- _Data records_
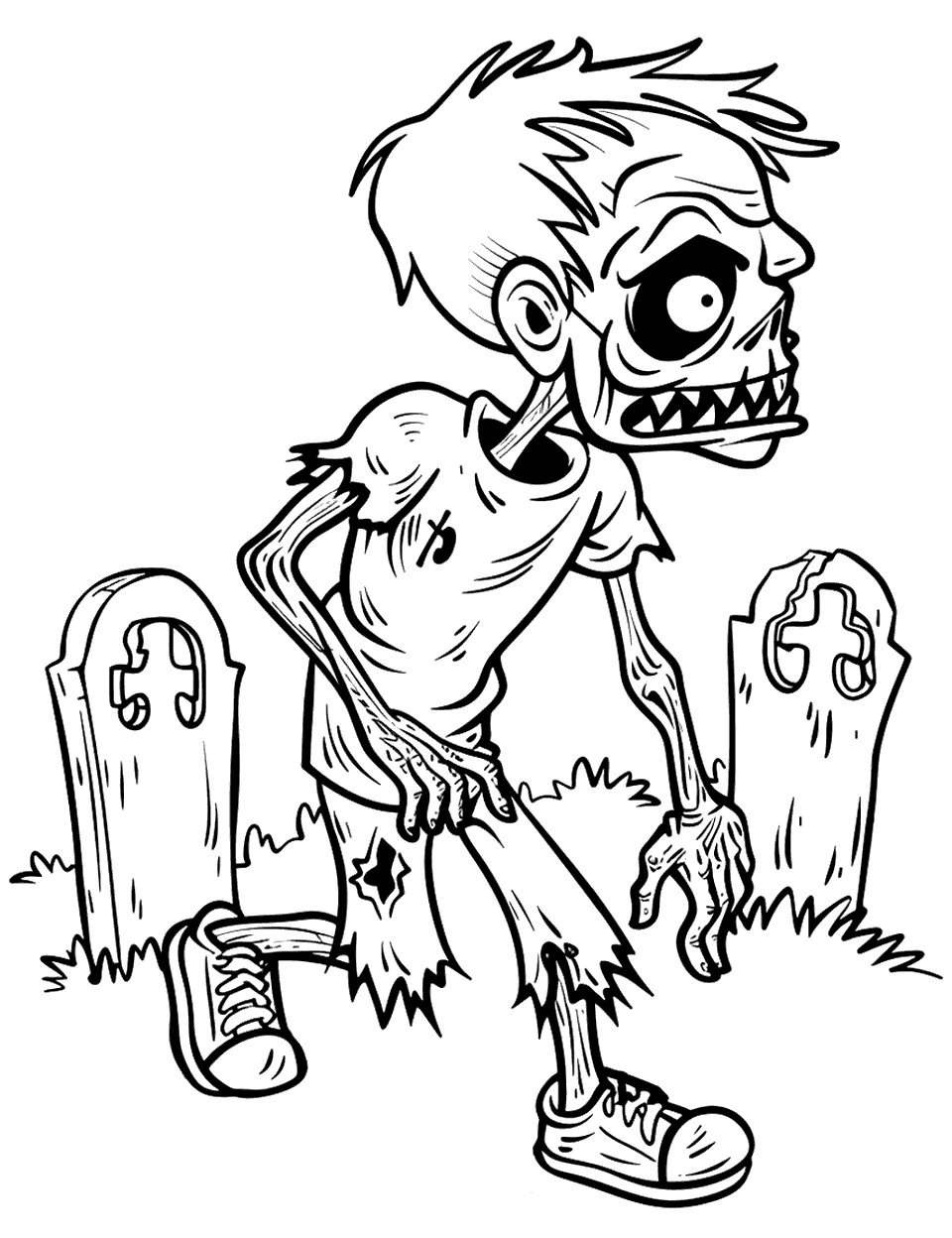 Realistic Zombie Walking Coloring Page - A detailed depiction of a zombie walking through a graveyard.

...

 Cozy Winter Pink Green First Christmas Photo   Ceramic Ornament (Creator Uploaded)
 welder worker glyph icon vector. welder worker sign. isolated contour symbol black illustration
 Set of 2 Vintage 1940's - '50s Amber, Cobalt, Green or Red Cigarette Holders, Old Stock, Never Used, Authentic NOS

...

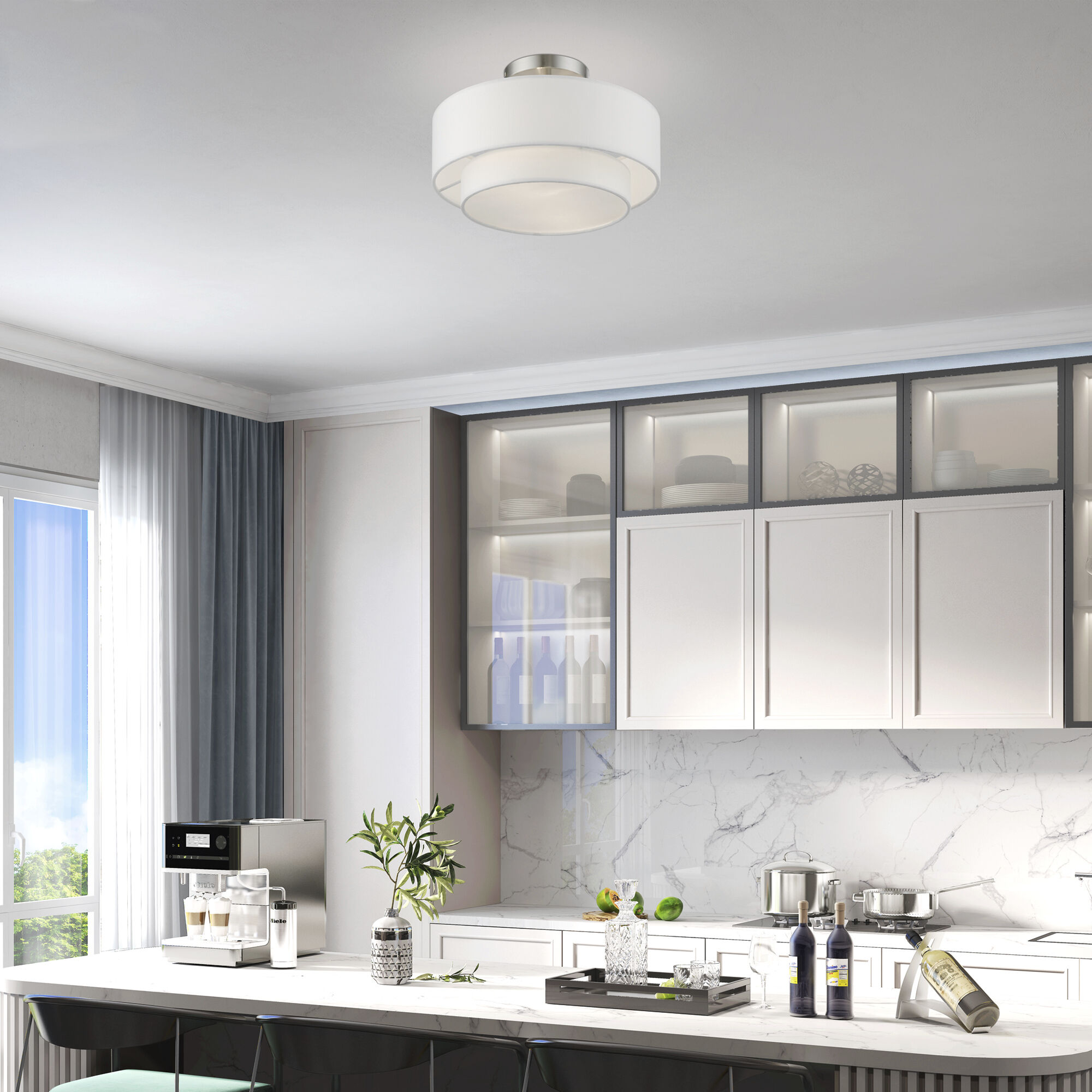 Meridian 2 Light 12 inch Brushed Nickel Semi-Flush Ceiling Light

- _What is required_
Using the entries above, extract exactly the span from the line with "Cozy Winter Pink" to the line with "Set of 2 Vintage", both lines included; leave out everything else.

- _Result_
 Cozy Winter Pink Green First Christmas Photo   Ceramic Ornament (Creator Uploaded)
 welder worker glyph icon vector. welder worker sign. isolated contour symbol black illustration
 Set of 2 Vintage 1940's - '50s Amber, Cobalt, Green or Red Cigarette Holders, Old Stock, Never Used, Authentic NOS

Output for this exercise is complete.